Often these assets are subject to discounts for lack of control and marketability that only a qualified valuation pro knows how to quantify. If your estate includes these assets, you may need to hire a valuator to prepare a written appraisal to support gift and estate tax returns.
It’s important to monitor the value of your estate before you die. Determining the value of the individual components also can help ensure that your asset allocations to family members are equitable — and that you’re not favoring one heir over another.
Asset values also fluctuate over time. So update appraisals regularly to ensure your estate plan continues to make sense.
Beware of State Death Taxes
Quite a few states impose estate or inheritance tax at a lower threshold than the federal government does. So it’s important to understand the rules in your state to avoid an unexpected tax liability or other unintended consequences of an asset transfer.
For example, in New York, the state estate tax exemption is $1 million per individual. Any assets transferred beyond the exemption are subject to an estate tax of up to 16 percent. Suppose a wealthy New York couple died in 2013, leaving their estate worth $10 million to their children. They would incur no federal estate tax (assuming they had not used any of their unified federal gift and estate tax exemptions during their lives). But the couple’s estate would owe state-levelestate taxes on $8 million — the amount that the taxable estate exceeded the state exemption.
Charities provide another outlet for sharing your wealth — and direct bequests to charities can also reduce your estate tax bill. Moreover, qualified charitable donations made during your lifetime generally qualify for income tax deductions.
You can create trusts to achieve your philanthropic objectives, while also minimizing taxes. For example, a charitable remainder trust (CRT) pays income to your beneficiaries for a prescribed time. At the end of that period, the remaining trust assets pass to your favorite charitable organization(s).
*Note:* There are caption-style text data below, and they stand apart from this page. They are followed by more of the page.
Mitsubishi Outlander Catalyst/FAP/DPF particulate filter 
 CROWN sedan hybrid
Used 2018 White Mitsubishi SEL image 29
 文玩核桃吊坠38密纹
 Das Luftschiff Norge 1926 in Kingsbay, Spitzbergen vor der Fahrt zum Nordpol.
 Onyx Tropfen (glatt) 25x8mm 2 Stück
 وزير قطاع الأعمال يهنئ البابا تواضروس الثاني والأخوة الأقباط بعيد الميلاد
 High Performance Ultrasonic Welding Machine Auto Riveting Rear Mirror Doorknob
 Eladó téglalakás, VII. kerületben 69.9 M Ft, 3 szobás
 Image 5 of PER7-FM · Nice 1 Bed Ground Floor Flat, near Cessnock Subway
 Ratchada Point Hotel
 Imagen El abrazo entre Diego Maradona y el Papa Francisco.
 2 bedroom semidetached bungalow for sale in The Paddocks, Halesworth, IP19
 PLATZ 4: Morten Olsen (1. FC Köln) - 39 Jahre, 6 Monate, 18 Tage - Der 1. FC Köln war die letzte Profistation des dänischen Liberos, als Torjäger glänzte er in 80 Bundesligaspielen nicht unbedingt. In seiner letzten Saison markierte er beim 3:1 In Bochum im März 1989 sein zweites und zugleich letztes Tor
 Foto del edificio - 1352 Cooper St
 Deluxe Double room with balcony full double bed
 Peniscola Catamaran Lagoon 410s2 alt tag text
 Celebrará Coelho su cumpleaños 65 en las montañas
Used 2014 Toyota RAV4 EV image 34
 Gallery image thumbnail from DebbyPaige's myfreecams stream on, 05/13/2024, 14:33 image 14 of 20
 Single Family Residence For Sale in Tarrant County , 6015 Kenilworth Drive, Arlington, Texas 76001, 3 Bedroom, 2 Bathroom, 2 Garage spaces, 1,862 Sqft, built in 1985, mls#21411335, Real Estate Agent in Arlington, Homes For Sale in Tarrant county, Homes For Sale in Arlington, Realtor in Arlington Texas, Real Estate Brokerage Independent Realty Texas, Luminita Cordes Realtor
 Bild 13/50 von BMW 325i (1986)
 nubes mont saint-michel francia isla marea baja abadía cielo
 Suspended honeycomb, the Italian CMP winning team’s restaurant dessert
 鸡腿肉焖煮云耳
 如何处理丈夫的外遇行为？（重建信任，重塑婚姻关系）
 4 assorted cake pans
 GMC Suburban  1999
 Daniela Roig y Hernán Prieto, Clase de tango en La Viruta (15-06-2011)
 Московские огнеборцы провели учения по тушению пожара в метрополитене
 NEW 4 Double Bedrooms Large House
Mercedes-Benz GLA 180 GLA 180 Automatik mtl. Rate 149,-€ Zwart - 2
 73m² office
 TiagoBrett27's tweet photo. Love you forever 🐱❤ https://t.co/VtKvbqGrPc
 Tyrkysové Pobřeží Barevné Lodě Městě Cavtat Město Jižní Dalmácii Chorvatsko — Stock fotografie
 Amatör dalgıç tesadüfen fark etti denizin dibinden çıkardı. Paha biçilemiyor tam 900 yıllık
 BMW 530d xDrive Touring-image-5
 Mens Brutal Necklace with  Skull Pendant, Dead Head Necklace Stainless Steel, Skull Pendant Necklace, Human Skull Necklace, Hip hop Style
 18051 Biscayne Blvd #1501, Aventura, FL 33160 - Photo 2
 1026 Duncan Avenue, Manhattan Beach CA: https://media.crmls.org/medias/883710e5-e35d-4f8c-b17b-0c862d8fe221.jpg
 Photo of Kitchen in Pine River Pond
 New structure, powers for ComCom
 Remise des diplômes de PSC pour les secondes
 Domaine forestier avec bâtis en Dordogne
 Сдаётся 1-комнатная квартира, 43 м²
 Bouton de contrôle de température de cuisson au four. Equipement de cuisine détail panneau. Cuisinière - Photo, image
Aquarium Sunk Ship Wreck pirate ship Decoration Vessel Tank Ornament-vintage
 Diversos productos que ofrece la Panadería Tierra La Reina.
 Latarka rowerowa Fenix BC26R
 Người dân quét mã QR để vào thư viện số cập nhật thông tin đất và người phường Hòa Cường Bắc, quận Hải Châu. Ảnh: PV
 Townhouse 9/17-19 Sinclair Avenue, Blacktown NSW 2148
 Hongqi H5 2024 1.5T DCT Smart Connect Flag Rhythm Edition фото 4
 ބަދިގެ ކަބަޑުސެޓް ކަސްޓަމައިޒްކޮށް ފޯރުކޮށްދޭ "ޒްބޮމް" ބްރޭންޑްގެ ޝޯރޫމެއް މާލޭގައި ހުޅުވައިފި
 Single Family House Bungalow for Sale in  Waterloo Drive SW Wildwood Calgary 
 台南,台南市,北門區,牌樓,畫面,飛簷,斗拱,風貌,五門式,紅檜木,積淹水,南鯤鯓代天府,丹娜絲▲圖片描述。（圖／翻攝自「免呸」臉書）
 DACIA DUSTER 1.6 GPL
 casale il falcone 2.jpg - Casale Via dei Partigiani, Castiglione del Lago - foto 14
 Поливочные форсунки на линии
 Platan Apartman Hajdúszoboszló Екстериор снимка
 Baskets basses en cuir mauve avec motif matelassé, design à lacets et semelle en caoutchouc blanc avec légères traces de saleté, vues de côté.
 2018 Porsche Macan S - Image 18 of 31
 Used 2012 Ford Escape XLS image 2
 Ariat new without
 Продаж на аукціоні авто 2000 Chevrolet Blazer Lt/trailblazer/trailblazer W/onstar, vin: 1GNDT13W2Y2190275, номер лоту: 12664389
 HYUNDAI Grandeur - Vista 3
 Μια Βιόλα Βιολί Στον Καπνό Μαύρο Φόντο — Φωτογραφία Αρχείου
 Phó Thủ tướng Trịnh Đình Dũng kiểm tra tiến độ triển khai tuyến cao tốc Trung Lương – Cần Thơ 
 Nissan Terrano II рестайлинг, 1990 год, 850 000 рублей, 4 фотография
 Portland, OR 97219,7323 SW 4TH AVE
Alternatively, you might prefer a trust do the reverse — provide an income for a favorite charity over a set period, with the remainder passing to your beneficiaries after the trust expires. In that case, you need a charitable lead trust (CLT).
Seek Professional Advice
Estate planning is an ongoing process with many options and nuances. Congress could pass estate tax law changes in the future that would alter the current exemptions and tax rates — or even repeal the estate tax altogether. So it’s important to be prepared for a variety of scenarios. Consult with your estate planning adviser who is familiar with the laws in your particular state.